Task instructions
An identical copy of all the records is what the answer must contain.

== Segment start ==

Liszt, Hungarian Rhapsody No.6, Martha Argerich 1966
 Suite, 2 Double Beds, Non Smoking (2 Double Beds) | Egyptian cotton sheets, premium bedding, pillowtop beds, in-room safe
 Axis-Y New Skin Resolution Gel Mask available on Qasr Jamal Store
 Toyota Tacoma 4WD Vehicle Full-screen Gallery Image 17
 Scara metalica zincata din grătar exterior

== Segment end ==

Result of this task
Liszt, Hungarian Rhapsody No.6, Martha Argerich 1966
 Suite, 2 Double Beds, Non Smoking (2 Double Beds) | Egyptian cotton sheets, premium bedding, pillowtop beds, in-room safe
 Axis-Y New Skin Resolution Gel Mask available on Qasr Jamal Store
 Toyota Tacoma 4WD Vehicle Full-screen Gallery Image 17
 Scara metalica zincata din grătar exterior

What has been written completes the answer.